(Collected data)
[Start of Attachment]

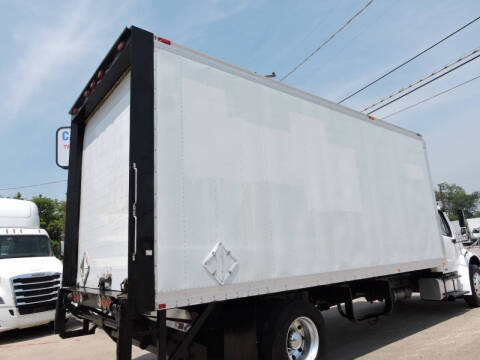 2008 Freightliner M2 106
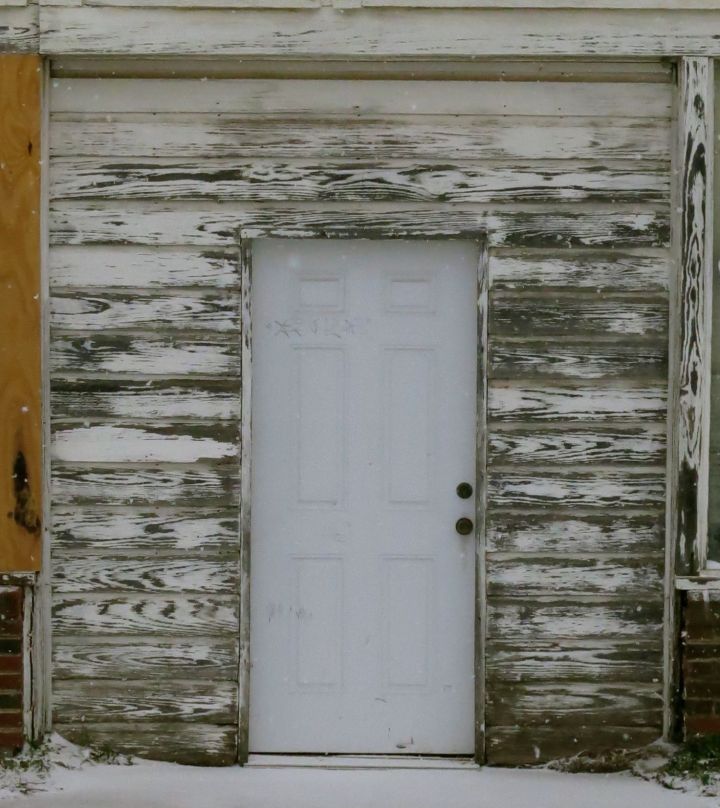 Old front, new door…arrgghh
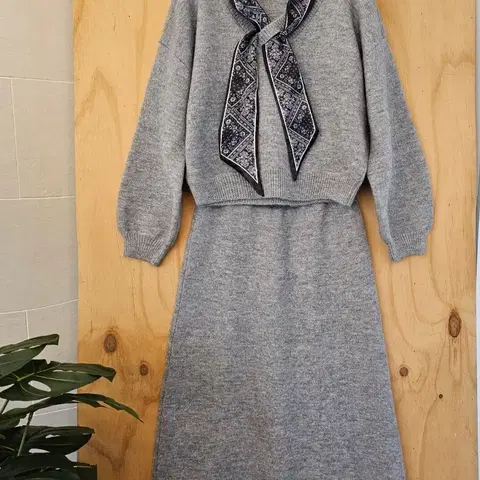 스카프 브이넥 니트 치마 세트 (챠콜)새옷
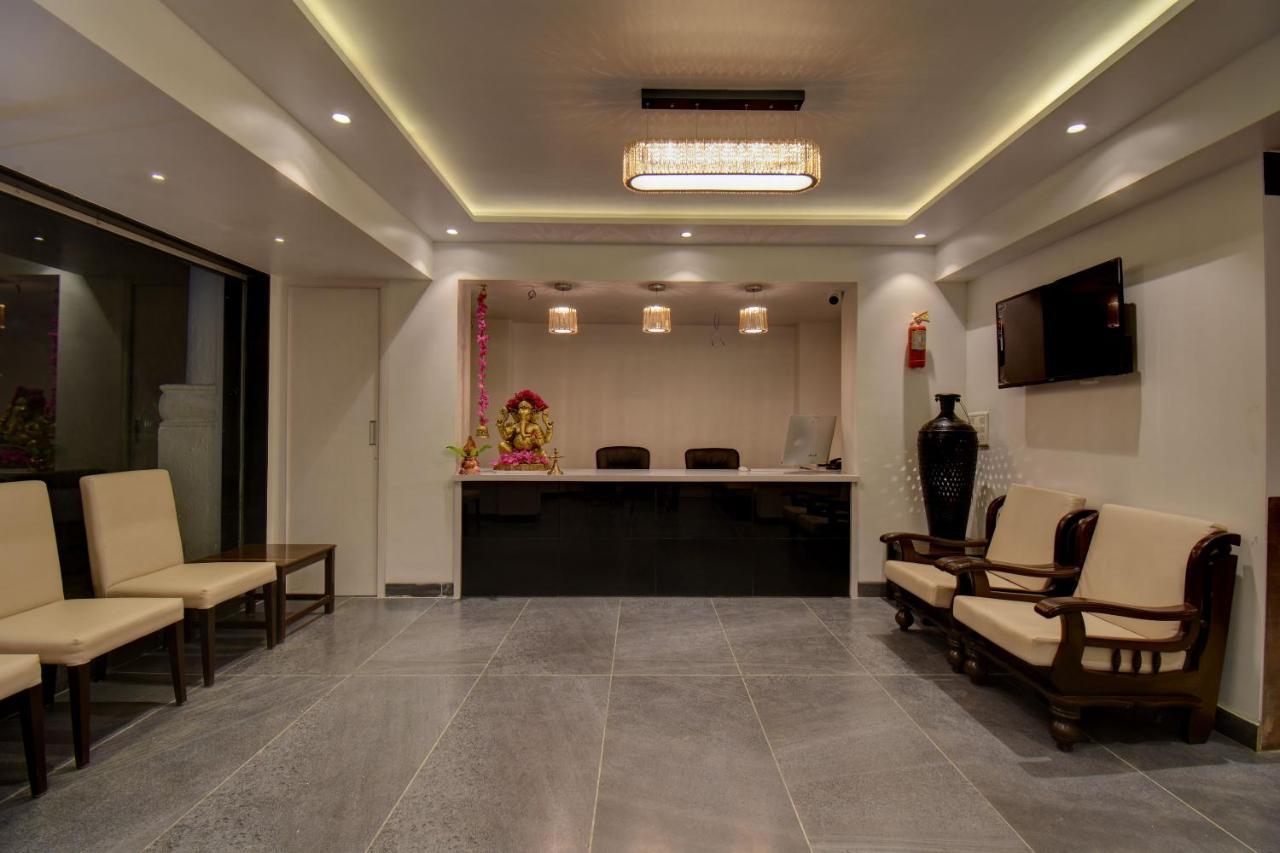 Elite Hotel Lonavala Bagian luar foto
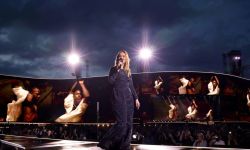 أديل تعلن خطوبتها في حفلتها بألمانيا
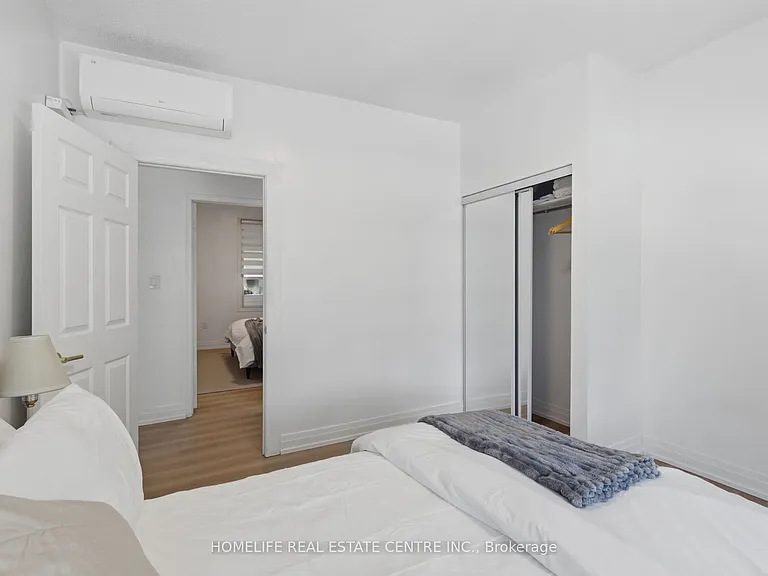 223 Jameson Ave #201 — Photo 16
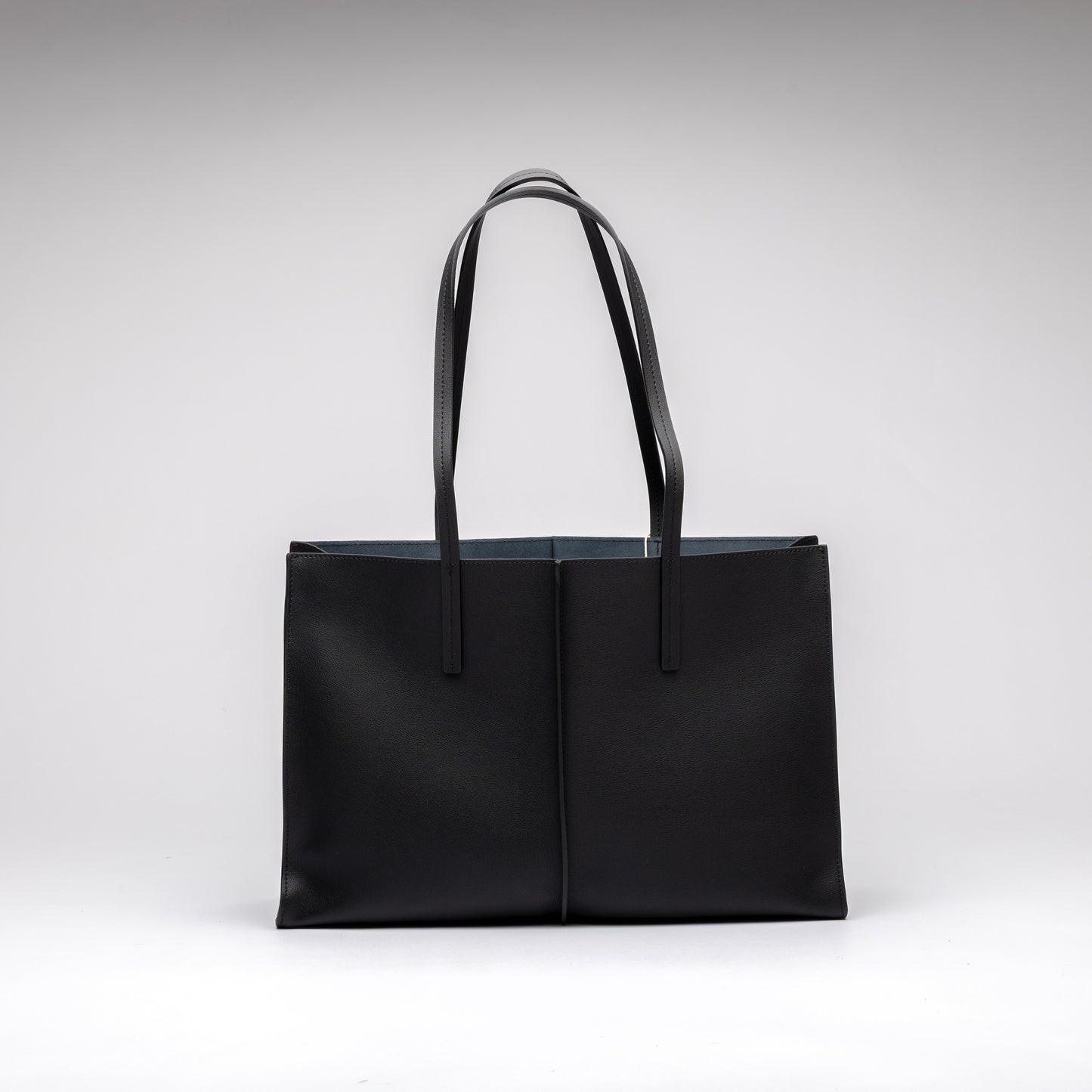 VERONICA TOTE IN NOIR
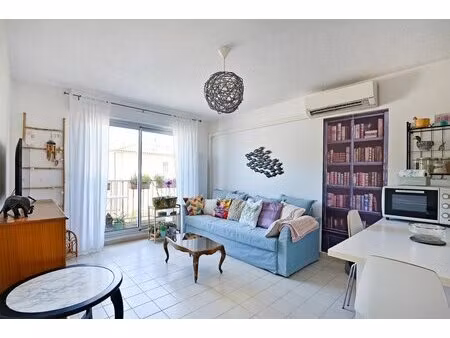 appartement t2 avec balcon  ascenseur - 42 33 m² - lunel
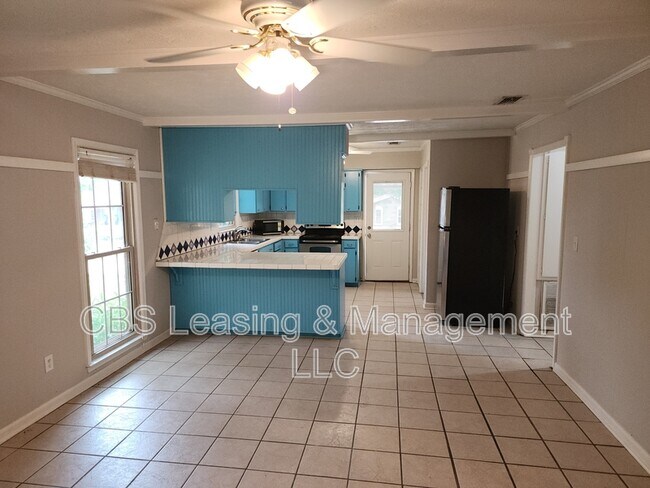 Building Photo - 5005 Hearthstone Dr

[End of Attachment]

Your task is to transcribe, exactly and without additions, every line from the one that contains "VERONICA TOTE IN NOIR" to the end of the entries above, both included. Omit all pictures.

> **ANSWER TO THE PROBLEM**
 VERONICA TOTE IN NOIR
 appartement t2 avec balcon  ascenseur - 42 33 m² - lunel
 Building Photo - 5005 Hearthstone Dr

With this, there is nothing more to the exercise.